# 585 Ultra...build in progress



## oneslowmofo (Feb 29, 2004)

Here's a pic of my new 585 Ultra. It just arrived yesterday. Still some work to do but I'm hoping to get it completed tonight so that i can ride her tomorrow! 

Specs:
Frame - medium
Group - 06 Record with 07 chorus UT cranks
Wheels: SpeedDreams - handbuilts with Tune hubs and Velocity rims (1375 grams)


----------



## toronto-rider (Aug 16, 2002)

Great looking bike.

The only thing I would change is the white saddle. i think black would look better. The Arione comes in black with a red stripe. That would also look good.


----------



## iliveonnitro (Feb 19, 2006)

And I'll buy your white saddle to fit my bike (which has no red in it).

Nice bike.


----------



## rensho (Aug 5, 2003)

Those be some light cages.

Nice bike. Yeah, black saddle might look better.


----------



## oneslowmofo (Feb 29, 2004)

The build is done. What a great ride. I'm still debating what wheels to put on it. Right now, I've narrowed it down to Neutron Ultras or Silver Eurus. 

I kind of like the white saddle although I didn't get it expressively for this build. I built this bike from a build kit that I had from an old C50 I had.


----------



## j.knight (Dec 14, 2005)

Keep the white saddle, Add white tape, and White Vittoria CX tires. This will be the best looking bike of all time.


----------



## ethanweiss90 (Aug 14, 2006)

Even though I strongly detest nearly all of Campy's regular componentry, I will have to admit that the Bora wheels--red and white graphics--would probably look the best out of any wheelset on the market paired with this frame. I think the red is exactly the same; white sets off white, etc. I'd like to see a picture of a 585/595 Ultra with Boras...That would be supremely lustworthy...


----------



## 800lbgorilla (Aug 1, 2005)

*Sweet*

The bartape looks awesome--what kind is it?

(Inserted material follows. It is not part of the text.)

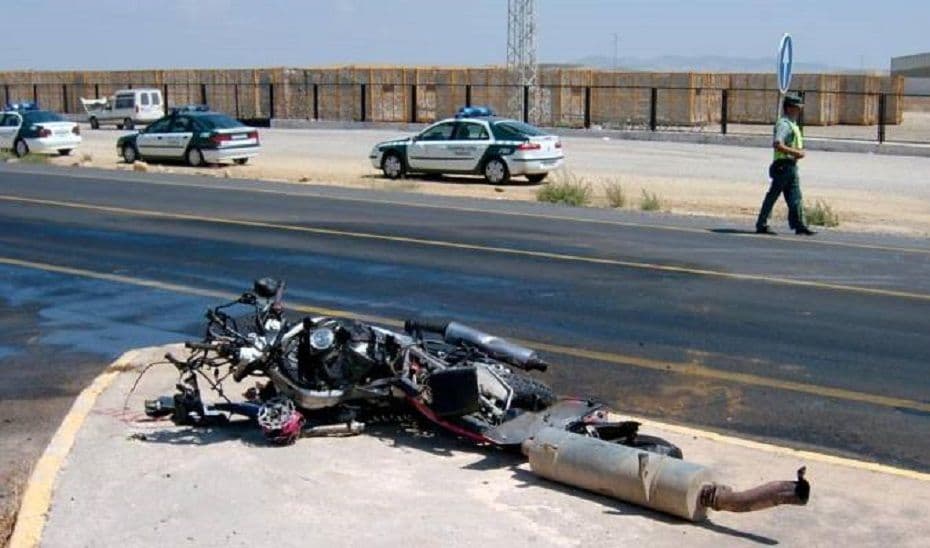 Muere un motorista de 53 años tras salirse de la autovía A-7 en Manilva (Málaga)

The wheels you have on now look just fine. Boras or Hyperons would be the logical bling choice. And a black saddle.

Sweet ride.


----------



## terry b (Jan 29, 2004)

Great looking bike.

I'm loving my 595 Origin, I bet you're really going to like the 585 Ultra. I have to figure out some way to ride the two side by side. Would be an interesting comparison.

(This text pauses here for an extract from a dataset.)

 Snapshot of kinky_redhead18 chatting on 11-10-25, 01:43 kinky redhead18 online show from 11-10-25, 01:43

Couple of style recommendations - I used red electrical tape to finish the bar tape and red bar plugs from Purely Custom on mine. Brings up the red in the branding a bit without yelling too loud. I'd leave the saddle alone - it's hidden under your butt in any event and I would not go with white tape or tires. White tape will turn the bike into a set of handlebars dragging a black frame around and white tires stay white for about 10 miles. Then they're coffee color, followed by corpse gray. I have white Vredesteins on my all-white bike and they a pretty tired looking at less than 500 miles.

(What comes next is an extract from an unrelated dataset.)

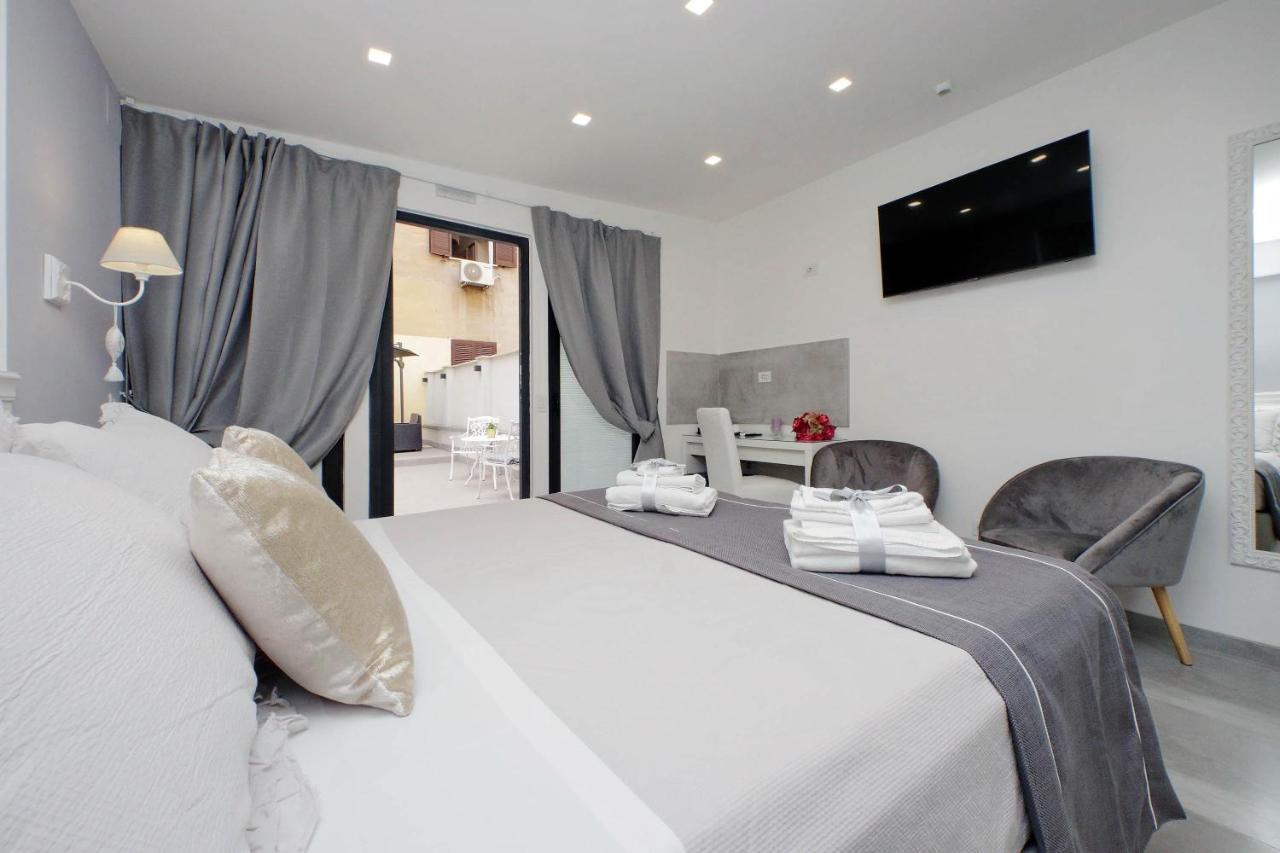 Roman Holiday Suites Dış mekan fotoğraf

Some black bike shots in this thread, in case you didn't see it: http://forums.roadbikereview.com/showthread.php?t=94249


----------



## oneslowmofo (Feb 29, 2004)

I agree the white tape and tires would look aged pretty quick. I have to say - this thing is LIGHT. I haven't weighed it but it is by far the lightest bike I've had. As for the wheels, I have a pair of Hyperon Ultras on my Serotta. They would look great on the Look but I really like the Serotta / Hyperon ride combo. I'm stuck on the wheel choice right now... I mounted the Stratus clinchers on last night and it looks niiiiice. But I also want an all around bomb proof wheelset. Any recommendations?


----------



## oneslowmofo (Feb 29, 2004)

800lbgorilla said:


> The bartape looks awesome--what kind is it?
> 
> The wheels you have on now look just fine. Boras or Hyperons would be the logical bling choice. And a black saddle.
> 
> Sweet ride.



It's made by Bontrager. I can't recall the name but most Trek dealers carry it. It feels like leather (but padded) and has white or black stitching with vent holes punched into the tape. it looks like that old school steering wheel wrap. :thumbsup:


----------



## wuggabugga (Oct 3, 2005)

Zonda's, Bomb Proof, 50 grams more weight than Eurus "much easier on the wallet"; the same wheel with SS spokes instead of AL.


----------



## oneslowmofo (Feb 29, 2004)

wuggabugga said:


> Zonda's, Bomb Proof, 50 grams more weight than Eurus "much easier on the wallet"; the same wheel with SS spokes instead of AL.


I agree with most of your comments except the weight claim:

http://weightweenies.starbike.com/phpBB2/viewtopic.php?t=16926&highlight=zonda+weight

1683 grams vs, 1580 - 1600 grams in true weight for the 06-07 Eurus.

80-100 grams and a lot more $$ is something to think about though...


----------



## wuggabugga (Oct 3, 2005)

Well,

It was just a general reference from Campy's claims. When I picked up my pair, I could barely tell a difference in weight between the Zonda's and a set of Eurus. The Eurus pair were nice, BUT, $400.00 USD less for the Zonda's sold me! All manufacturers clain wheel weight from a test pair of rims that have just been produced through a "new" extrusion die. As for the weight listed on Weight Weenies, the LBS said they were a ShimaNO freehub; I wonder if the Campy hub is a bit lighter.

Argh, no I'm thinking of going out and getting a precision scale ............


----------